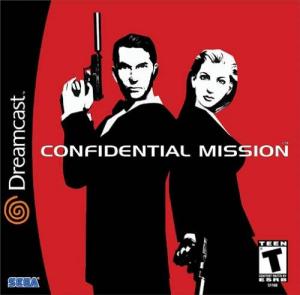  Confidential Mission (2001). Нажмите, чтобы увеличить.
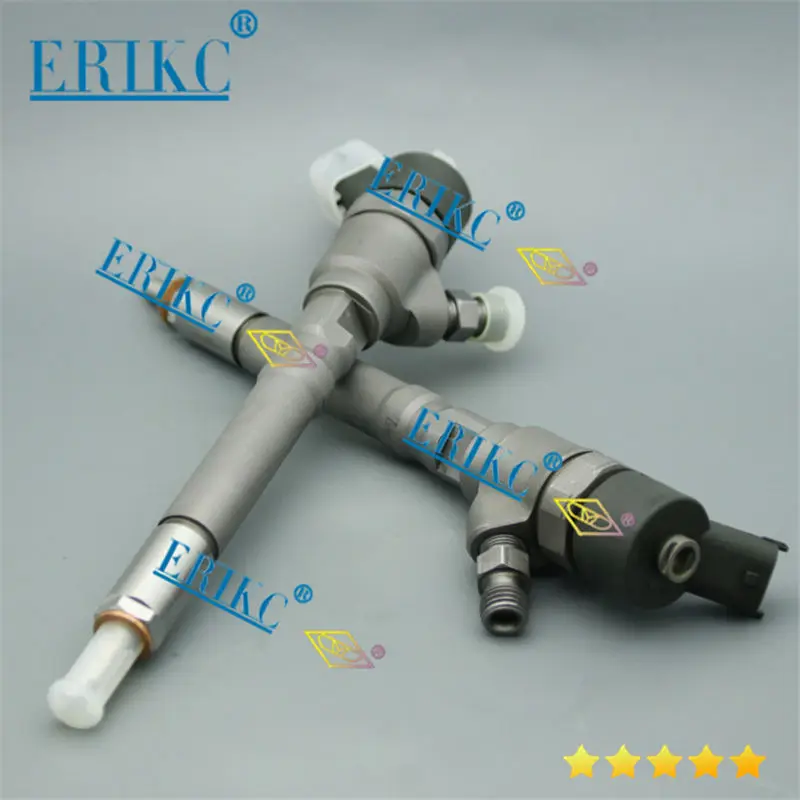Фото ERIKC Форсунка с общей топливной магистралью 0445110064 33800-27000, Форсунка для дизельного топлива для HYUNDAI Santa FE 2,0 Matrix 1,5 CRDi Elantra 2,0 CRDi №4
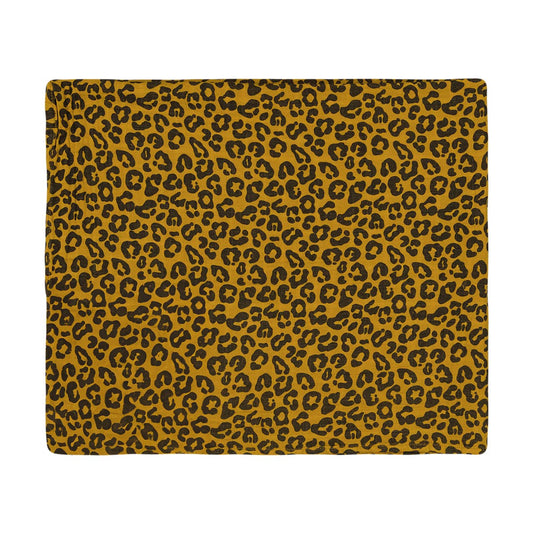 Leopard Sarong CARAMEL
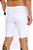 Bermuda Masculina Multi Bolsos Compress White - Imagem 3
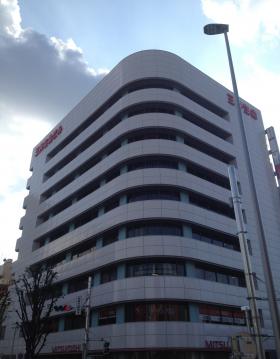 大樹生命川越駅前ビルの外観写真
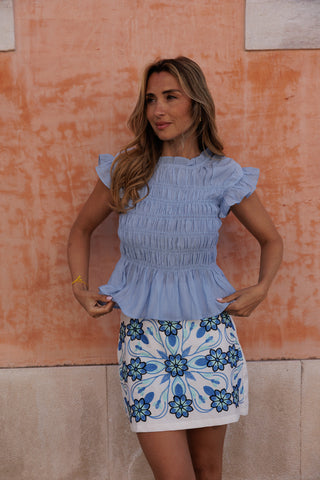 BLUSA MARTINA
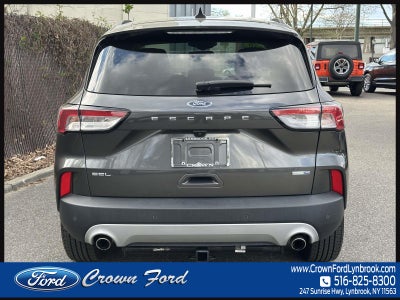 2020 Ford Escape SEL AWD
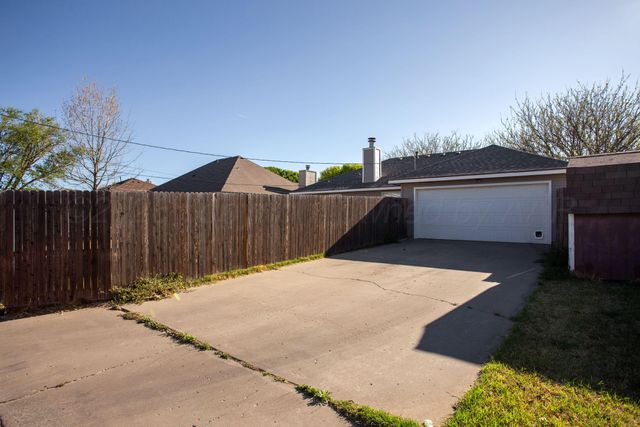 6304 S FANNIN Street, Amarillo, TX 79118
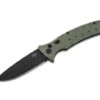 Boker Large Strike Side Opening Auto Knife Grivory Green Handle D2 Plain Black Blade 06EX901 -Knives Store c08f021c 15d1 4027 aaa4 7eee62f35cfd 81594.1749745195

**WORK TASK:** Could you reproduce exactly the lines running from the one with "BLUSA MARTINA" through the final line of the listing above, both included, and drop the pictures?

**THE ANSWER:**
 BLUSA MARTINA
 2020 Ford Escape SEL AWD
 6304 S FANNIN Street, Amarillo, TX 79118
 Boker Large Strike Side Opening Auto Knife Grivory Green Handle D2 Plain Black Blade 06EX901 -Knives Store c08f021c 15d1 4027 aaa4 7eee62f35cfd 81594.1749745195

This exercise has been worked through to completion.